Way back in the early 1980s as a GLC Councillor I set up the GLC's Grants Committee, which gave grants to a vast number of local organisations providing much needed services to communities in London. A group serving the gay community approached us for support. It was a Gay Bereavement Counselling Service, which provided counselling and support for gay men and lesbians whose partner had died.
We adopted a firm equal opportunities policy which ensured that in the distribution of grants nobody would be discriminated against on grounds of race, colour, creed or sexuality. The counselling service was a superb example of the type of voluntary organisation which, with a little bit of state support, could play an esential role in supporting members of our community often in desperate need of care and assistance at a critical time in their lives.
The reaction at the time from the media and many politicians of all parties was appalling, with a hysterical tirade of the grotesquely abusive, homophobic attacks.

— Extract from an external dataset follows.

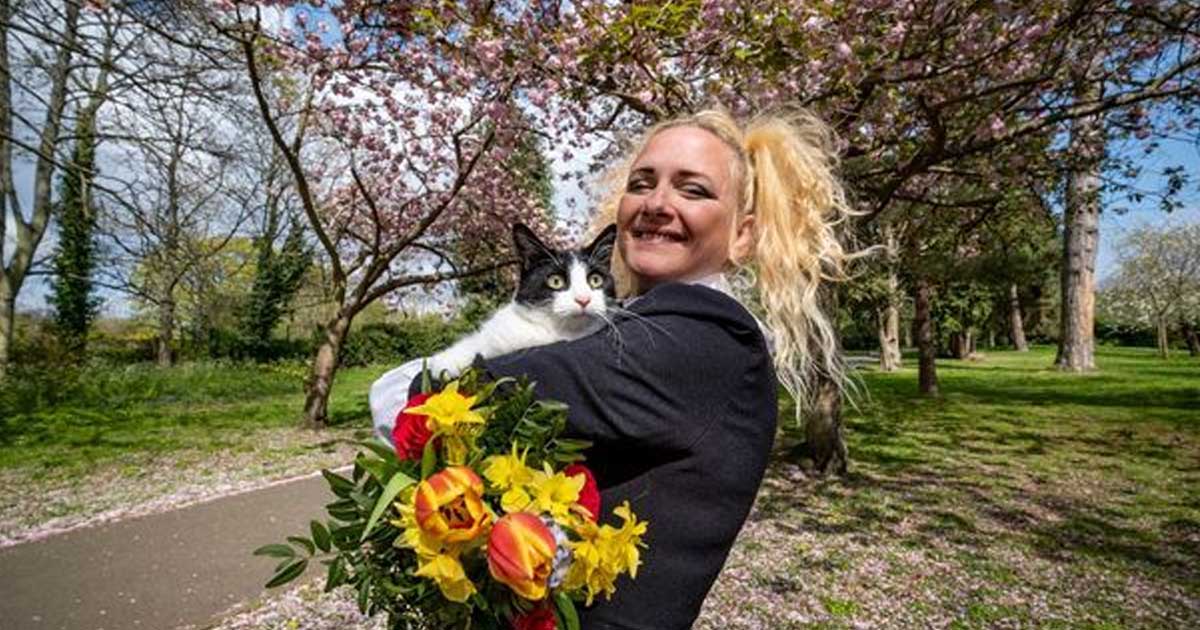 Women with Cat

I had my windows smashed, maggots put through my letterbox and the glass from a milk bottle broken into my children's sand pit.
Despite all the derision and abuse in the media and being denounced by leading political figures we continued on at the GLC to adhere to our equalities policies and even developed a specific Lesbian and Gay Committee to promote policies to respond to the needs of members of the lesbian and gay community in the capital.
Andy Harris, a fellow GLC councillor, served as the Chair of this committee. Tragically he died only a few weeks ago.
Twenty years on and the equalities policies we developed at the GLC have become accepted and adopted by all the main political parties as fair and sound common sense.
I was alarmed therefore to read the reports in this week's press that some ministers were seeking to block the recent legislative proposals to prevent companies, agencies, and public bodies like schools discriminating against people on grounds of their sexuality.
This is a very basic and overdue simple piece of legislation which removes a remaining discriminatory practice. No fair minded person living in a civilised society should have any objection to this measure.